I'll clear out the previously downloaded dataset off HDFS first so there is enough space on the cluster going forward. With triple replication, 86 GB turns into 258 GB on disk and there is only 344.75 GB of HDFS capacity in total.

$ hdfs dfs -rm -r -skipTrash /orc
$ hdfs dfs -mkdir /orc
$ time (for FILE in `cat files`; do
            aws s3 cp s3://<bucket>/orc/$FILE ./
            gohdfs-v2.0.0-linux-amd64/hdfs put \
                $FILE \
                hdfs://ip-10-10-207-160.eu-west-1.compute.internal:8020/orc/
            rm $FILE
        done)

The above took 27 minutes and 40 seconds. I wasn't expecting this client to be almost twice as slow as the HDFS CLI. S3 provides consistent performance when I've run other tools multiple times so I suspect either the code behind the put functionality could be optimised or there might be a more appropriate endpoint for copying multi-gigabyte files onto HDFS. As of this writing I can't find support for copying from S3 to HDFS directly with resorting to a file system fuse.

The HDFS CLI does support copying from S3 to HDFS directly. Below I'll copy the 56 ORC files to HDFS straight from S3. I'll set the concurrent process limit to 8.

$ hdfs dfs -rm -r -skipTrash /orc
$ hdfs dfs -mkdir /orc
$ time (cat files \
        | xargs -n 1 \
                -P 8 \
                -I % \
            hdfs dfs -cp s3://<bucket>/orc/% /orc/)

The above took 14 minutes and 17 seconds. There wasn't much of an improvement over simply copying the files down one at a time and uploading them to HDFS.

I'll try the above command again but set the concurrency limit to 16 processes. Note, this is running on the master node which has 15 GB of RAM and the following will use what little memory capacity is left on the machine.

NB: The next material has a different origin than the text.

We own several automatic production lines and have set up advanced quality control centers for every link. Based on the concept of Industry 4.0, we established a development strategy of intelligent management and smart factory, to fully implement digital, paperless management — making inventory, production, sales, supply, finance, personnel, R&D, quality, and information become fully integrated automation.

$ hdfs dfs -rm -r -skipTrash /orc
$ hdfs dfs -mkdir /orc
$ time (cat files \
        | xargs -n 1 \
                -P 16 \
                -I % \
            hdfs dfs -cp s3://<bucket>/orc/% /orc/)

The above took 14 minutes and 36 seconds. Again, a very similar time despite a higher concurrency limit. The effective transfer rate was ~98.9 MB/s off of S3. HDFS is configured for triple redundancy but I expect there is a lot more throughput available with a cluster of this size.

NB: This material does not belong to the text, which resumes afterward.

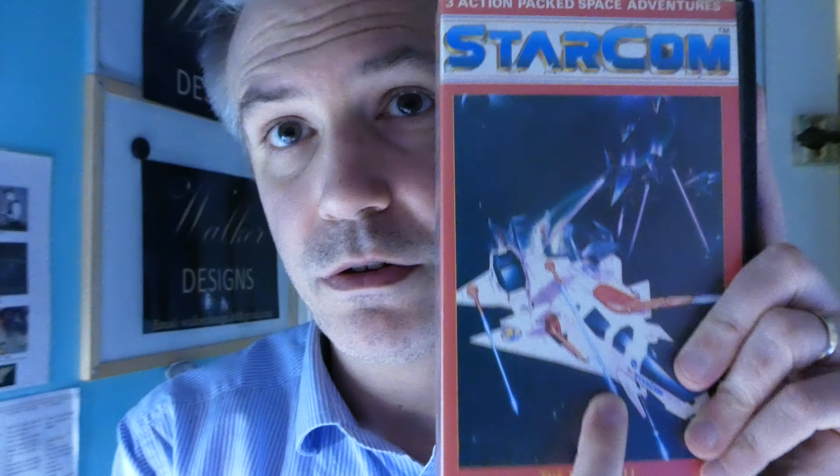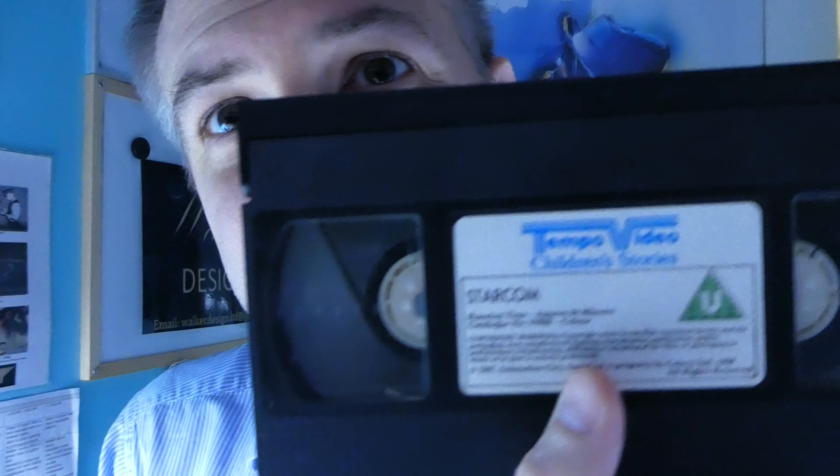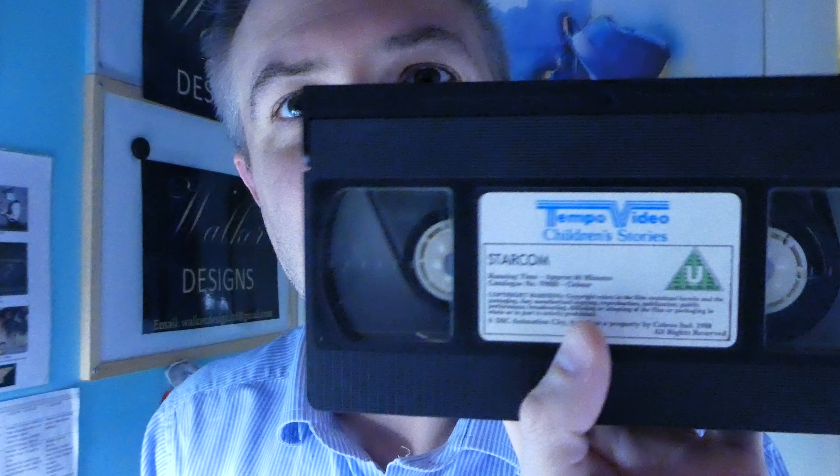I've even got the VHS of the Starcom, and you can see it's 66 minutes long. And in there, it's even half wound — it's half played. I've not managed to watch it all. I remember watching this a few times, and this would be even more of a rarity.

DistCp (distributed copy) is bundled with Hadoop and uses MapReduce to copy files in a distributed manner. It can work with HDFS, AWS S3, Azure Blob Storage and Google Cloud Storage. It can break up the downloading and importing across the task nodes so all five machines can work on a single job instead of the master node being the single machine downloading and importing onto HDFS.

$ hdfs dfs -rm -r -skipTrash /orc
$ hdfs dfs -mkdir /orc
$ time (hadoop distcp s3://<bucket>/orc/* /orc)

The above completed in 6 minutes and 16 seconds. A huge improvement over the previous methods.

On AWS EMR, there is a tool called S3DistCp that aims to provide the functionality of Hadoop's DistCp but in a fashion optimised for S3. Like DistCp, it uses MapReduce for executing its operations.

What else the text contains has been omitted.